Supplied data:

--- --- ---

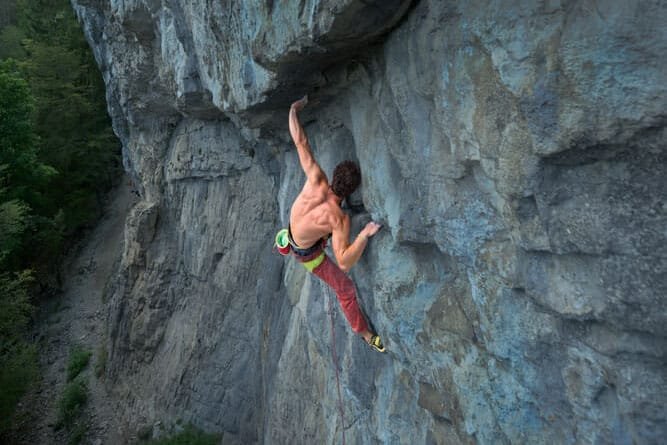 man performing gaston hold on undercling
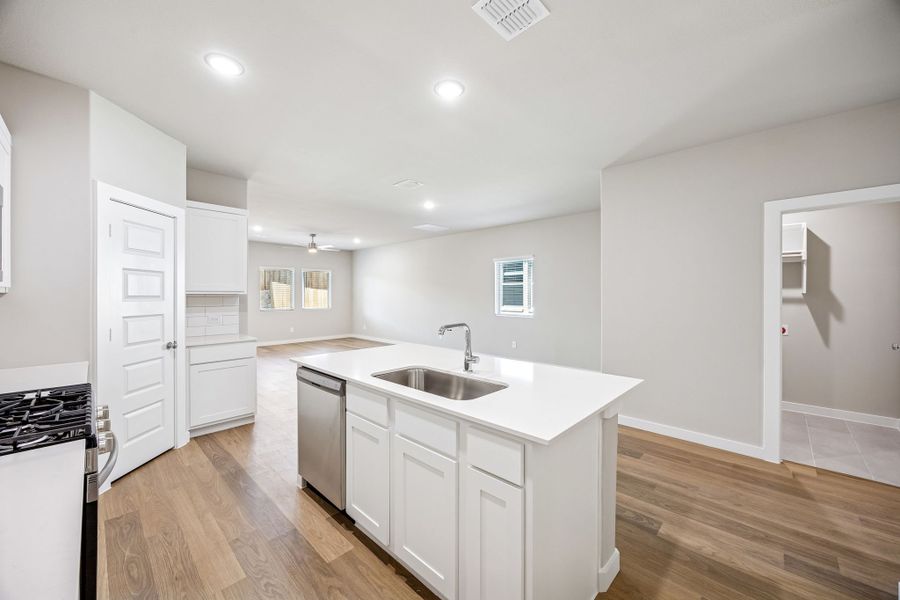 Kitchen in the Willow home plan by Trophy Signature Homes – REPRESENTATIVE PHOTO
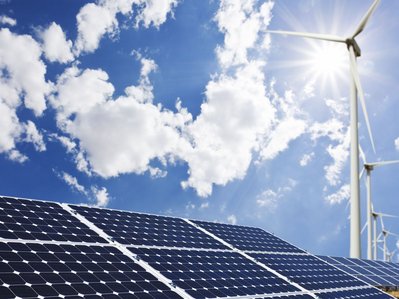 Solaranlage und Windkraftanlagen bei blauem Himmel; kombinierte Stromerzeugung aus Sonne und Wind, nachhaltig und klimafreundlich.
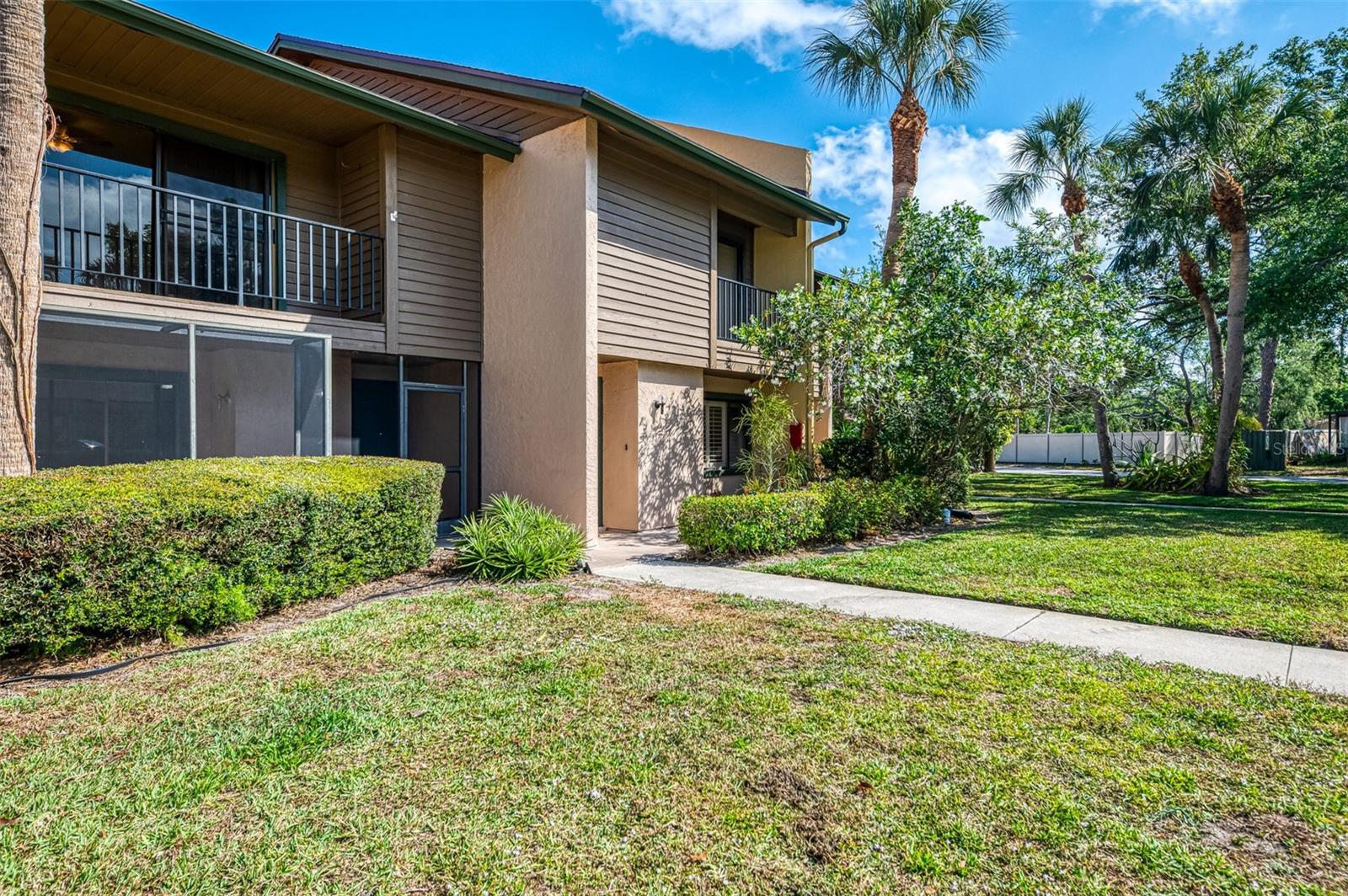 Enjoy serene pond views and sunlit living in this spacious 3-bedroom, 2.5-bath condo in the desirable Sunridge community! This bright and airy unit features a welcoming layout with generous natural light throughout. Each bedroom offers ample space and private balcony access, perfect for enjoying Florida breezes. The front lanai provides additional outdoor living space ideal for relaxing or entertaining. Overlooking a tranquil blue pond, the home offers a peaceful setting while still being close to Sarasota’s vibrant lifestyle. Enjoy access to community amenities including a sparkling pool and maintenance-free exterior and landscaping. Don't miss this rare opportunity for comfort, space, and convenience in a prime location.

--- --- ---

Work task:
In full and without changes, repeat the listing above, but not its pictures.

Answer box:
 man performing gaston hold on undercling
 Kitchen in the Willow home plan by Trophy Signature Homes – REPRESENTATIVE PHOTO
 Solaranlage und Windkraftanlagen bei blauem Himmel; kombinierte Stromerzeugung aus Sonne und Wind, nachhaltig und klimafreundlich.
 Enjoy serene pond views and sunlit living in this spacious 3-bedroom, 2.5-bath condo in the desirable Sunridge community! This bright and airy unit features a welcoming layout with generous natural light throughout. Each bedroom offers ample space and private balcony access, perfect for enjoying Florida breezes. The front lanai provides additional outdoor living space ideal for relaxing or entertaining. Overlooking a tranquil blue pond, the home offers a peaceful setting while still being close to Sarasota’s vibrant lifestyle. Enjoy access to community amenities including a sparkling pool and maintenance-free exterior and landscaping. Don't miss this rare opportunity for comfort, space, and convenience in a prime location.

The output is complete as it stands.